Laura Miller at Salon has written another article about the demise of literature as we know it. In this latest piece she argues that new technology has made it easier for "everyone" to publish and soon we will all be awash in the dreck from the slush pile.
A basic assumption of Miller's essay is that writers whose work lingers in a slush pile or who self-publish are simply not good enough to find traditional publishers. I don't know if that was ever really the case (certainly some writers have been marginalized because of biases within the industry that are unrelated to talent), but I know that Miller's assumption does not apply to many writers today. Ask any MFA graduate who was good enough to get into a prestigious writing program but who can't find a publisher to buy his book.

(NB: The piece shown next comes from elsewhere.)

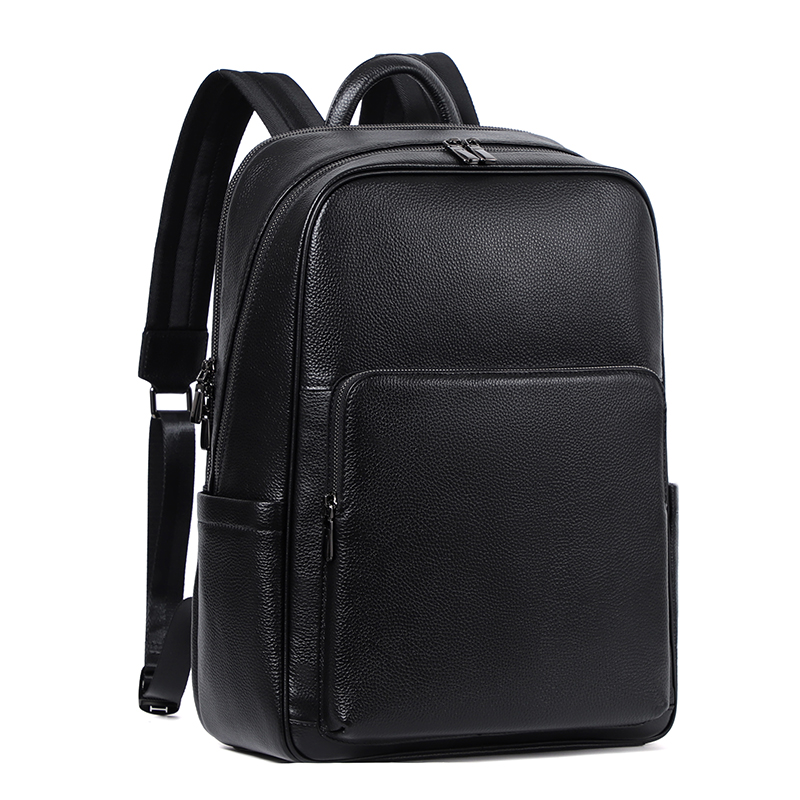 Luxury Bags That Fit Laptop - Zaini da uomo in vera pelle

I listened to such a person this spring at a panel at AWP. He was a graduate of the Iowa Writers Workshop. He published over half of the stories in his story collection with traditional literary journals, but still could not find an agent or publisher who would take him on. He ended up scrapping the collection and publishing sections of his novel online with a site that specializes in audio podcasts. He found a huge audience who liked what he wrote. After finding a market, a traditional publisher became interested and published his work.

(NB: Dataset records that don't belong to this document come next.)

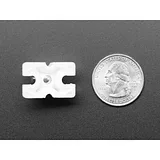 16mm Height Metal Caster Bearing Wheel - Image 6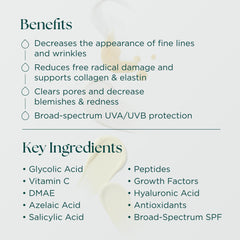 C-ESTA Serum application demonstrates lightweight hydration and brightening support.
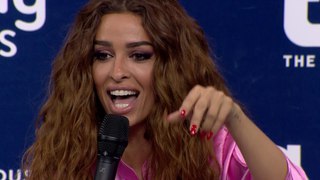 Eleni Foureira | Cyprus | Press Conference |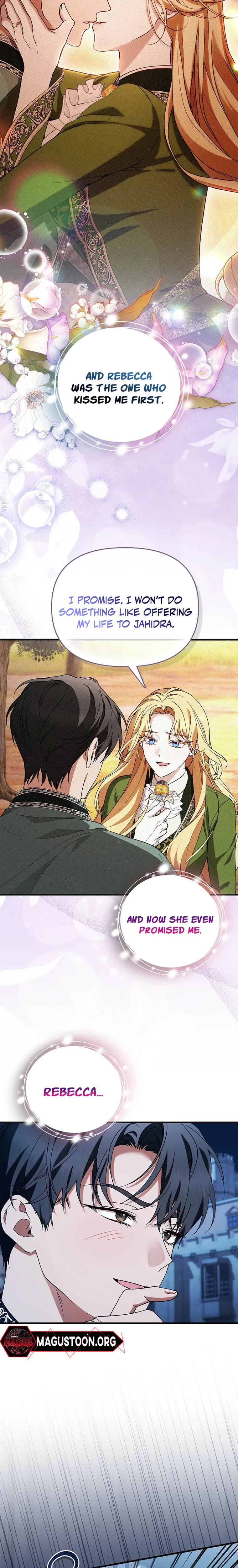 The Runaway Countess Has Returned  Chapter 54 Page 14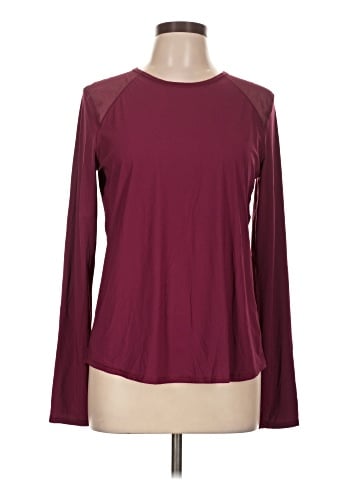 Lululemon Athletica Long Sleeve Top (view 1)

That writer was and is talented. His problem was not his writing, but the changing marketplace. The publishing industry is being reshaped by market forces just like the music industry, journalism, and the movie industry. If Miller's essay had not assumed that all unpublished writing is bad, the essay may have provided a less cynical view of how literature and publishing might flourish in our new technological age.
Besides, Ms. Miller, what's wrong with the "democratization of the slush pile"? If you don't like something, don't read it. It shouldn't matter if it's an e-book or the old fashioned kind. But I suspect that the real problem is the democratization of the gatekeepers.